Design Patterns and Principles That Support Large Scale Systems
Today even small startups may have to work with terabytes of data or build services that support hundreds of thousands of events per minute (or even a second!). By “scale”, we usually refer to a large amount of requests/data/events that the system should handle in a short time period.
Trying to implement services that need to handle large scale in a naive way is doomed to failure at worst, or to be very costly in the best-case scenario.
This article will describe a few principles and design patterns that enable systems to handle large scale. When we discuss large-scale (and mostly also distributed) systems we usually judge how good or stable they are by looking at three attributes:
- Availability: a system should be available as much as possible. Uptime percentage is key for customer experience, not to mention that an application is not useful if no one can use it. Availability is measured with “nines”.

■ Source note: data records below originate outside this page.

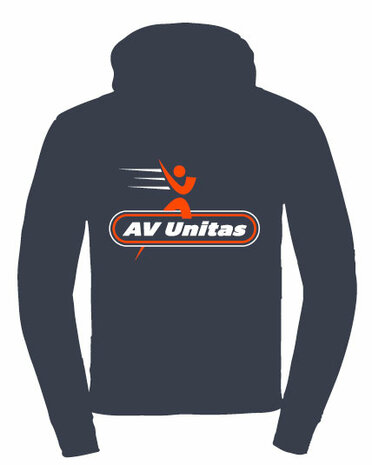 AV Unitas Hoodie met borst- en ruglogo - navy blauw - Junior
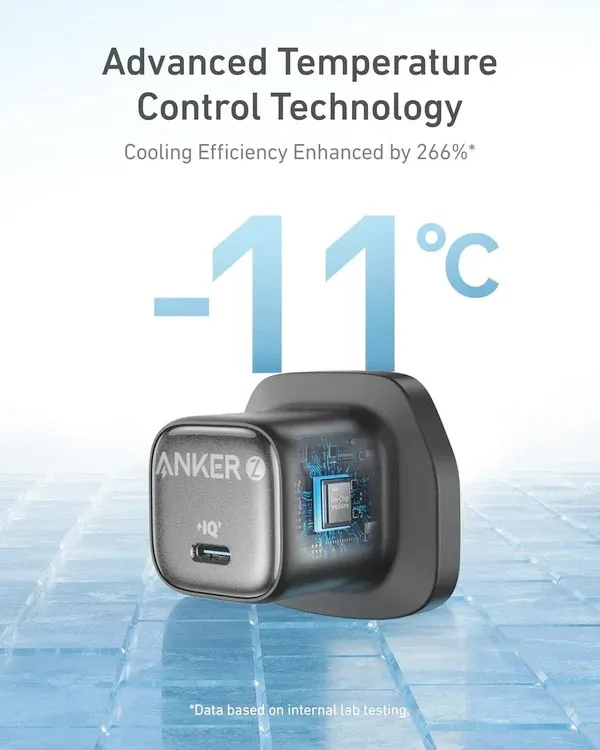 شارژر دیواری 30 وات انکر Anker Zolo GaN Compact Charger 30W A2698 UK سه پین — تصویر ۳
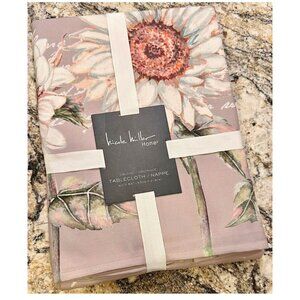 Nicole Miller White Sunflowers Fabric Tablecloth | 60" x 84"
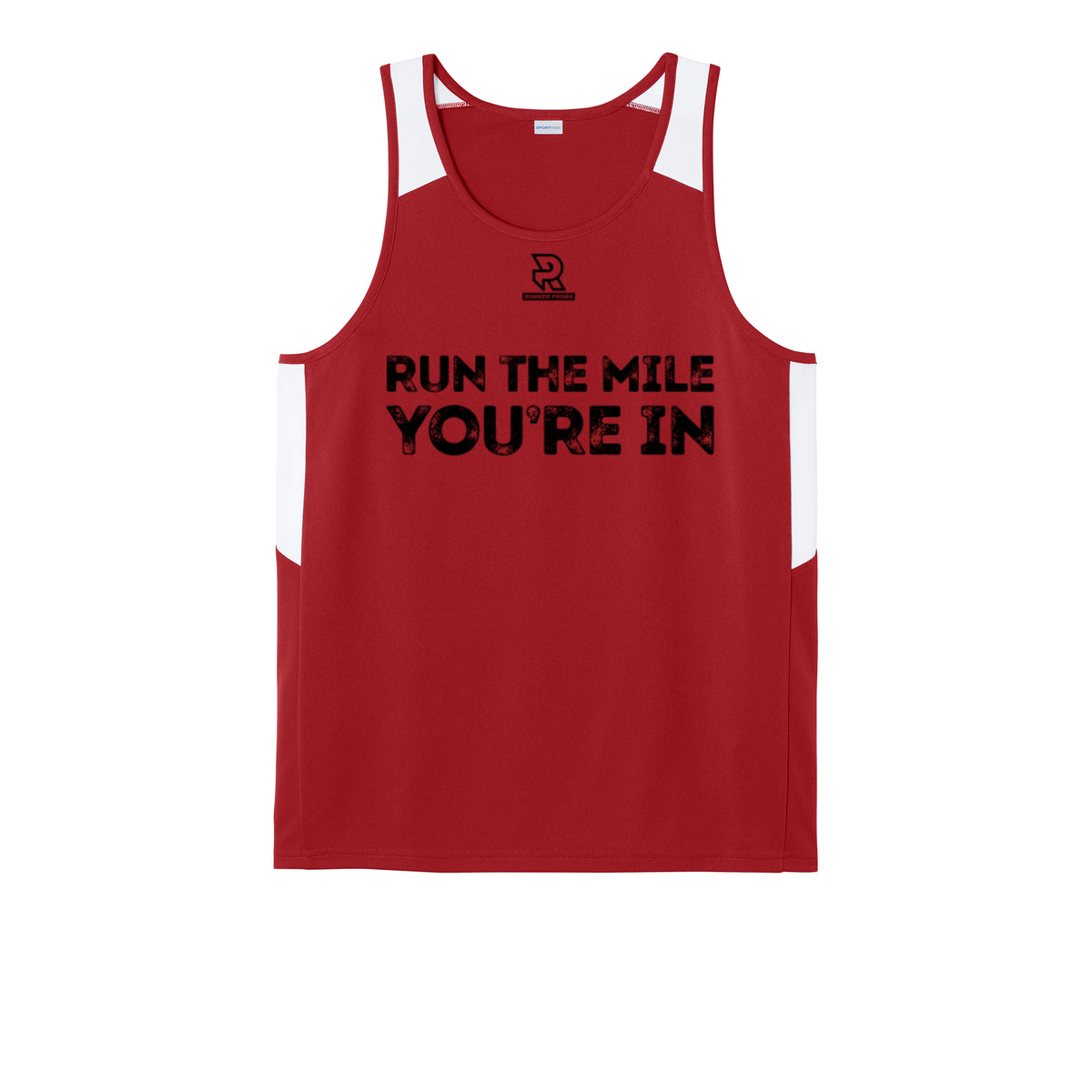 RUN THE MILE YOU'RE IN (Black) - Mens Club Track Tank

- Performance: a system should continue to function and perform its tasks even under heavy loads. Furthermore, speed is critical for customer experience: experiments show that it’s one of the most important factors in preventing churn!
- Reliability: a system should accurately process data and return a correct result. A reliable system does not fail silently or return incorrect results or create corrupted data. A reliable system is architected in a way that puts effort into avoiding failures, and when it’s not possible it will detect, report, and maybe even try to auto-remediate them.
We can scale a system in two ways:
- Scale vertically (scale-up): deploy the system on a stronger server, meaning, a machine that either has a stronger CPU, more RAM or both
- Scale horizontally (scale-out): deploy the system on more servers, meaning, spin up more instances or containers that enable the system to serve more traffic or process more data/events
Scaling-up is usually less preferable mainly because of two reasons:
- it usually requires some downtime
- there are limits ( we can’t scale up “forever”)
On the other hand, in order to be able to scale a system out, it has to have certain characters that allow this kind of scaling. For example, in order to be able to scale horizontally, a system has to be stateless (e.g. most databases can’t be scaled out).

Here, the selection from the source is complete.